Mida la concentración y evalúe la viabilidad de la suspensión de una sola célula utilizando un contador de células automatizado antes de realizar la preparación de la biblioteca y la secuenciación de los núcleos. La agrupación bioinformática reveló grupos bien separados de núcleos correspondientes a tipos celulares conocidos dentro de la DG, con o sin FANS. Dentro de la muestra no clasificada por FACS, la mayoría de los núcleos secuenciados de alta calidad eran el 84,9% de las neuronas.
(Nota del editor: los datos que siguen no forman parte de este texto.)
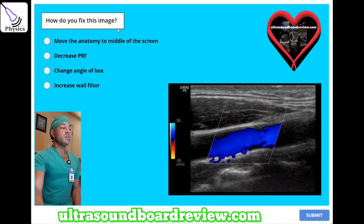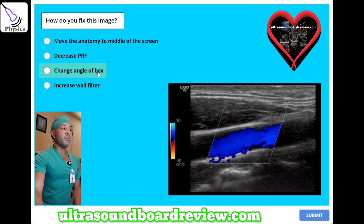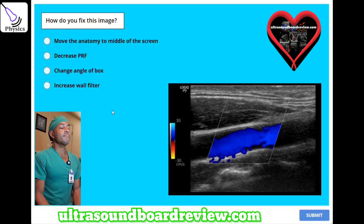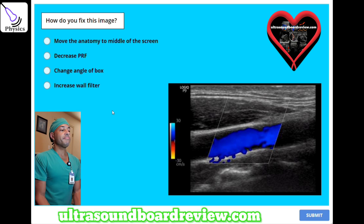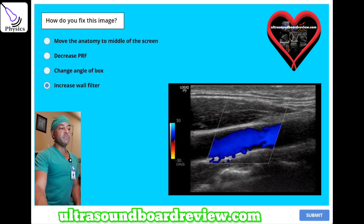How do you fix this image? A, move the anatomy to the middle of the screen. B, decrease PRF. C, change angle of box. Or D, increase wall filter. The answer is D — increase wall filter. This image shows ghosting artifacts, which is kind of like bleeding in tissue.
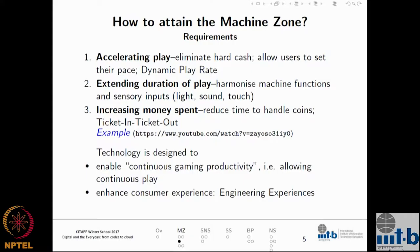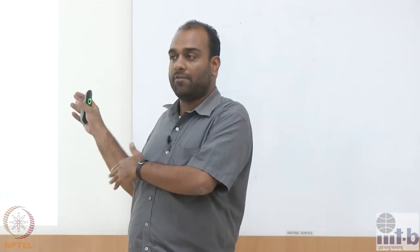So how does one attain the machine zone? How is technology enabling people to attain this machine zone? Three components have been identified as the most crucial in enabling people to be in that zone and continue to stay there for a really long time. The first one is accelerating play — you don't want to take a break at any point, you just want to keep on playing with no distractions. In traditional machines, they were all mechanical in nature, requiring actual coins.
Se compone de tres grupos de neuronas, lo que indica la posibilidad de que las poblaciones celulares más representativas en el giro dentado sean neuronas granulares, otras neuronas excitadoras y neuronas inhibidoras. Dentro de la muestra no clasificada por FACS, los grupos no neuronales identificados estaban formados principalmente por 11.1% de tipos de células gliales, incluidos astrocitos, oligodendrocitos y células precursoras de oligodendrocitos, 3.3% de células inmunes y 0, 6% de células de Cajal-Retzius. Mientras realizaban FANS para excluir poblaciones NeuN positivas, los grupos de células gliales se hicieron prominentes, con el 81,3% del total de núcleos.
Para las muestras secuenciadas a 50.000 lecturas por núcleo, se detectaron 25.010 genes por núcleo para la muestra no clasificada por FACS, y 1.665,5 genes para la muestra FANS NeuN-negativo, lo que confirma que el perfil transcriptómico de alta calidad de núcleos individuales y la clasificación FACS no daña los núcleos para el posterior snRNA-seq. La alta proporción de neuronas en la muestra no clasificada por FACS tuvo una mayor actividad transcripcional de 2.660 genes por núcleo y 6.170 transcripciones por núcleo en la muestra no clasificada por FACS que los tipos de células no neuronales con una actividad transcripcional promedio de 1.090 genes por núcleo y 1.785 transcripciones por núcleo. Una vez que se han generado los datos con este protocolo, vale la pena considerar estos nuevos métodos ortogonales como los síntomas especiales o los estudios in vivo para validar cualquier hallazgo.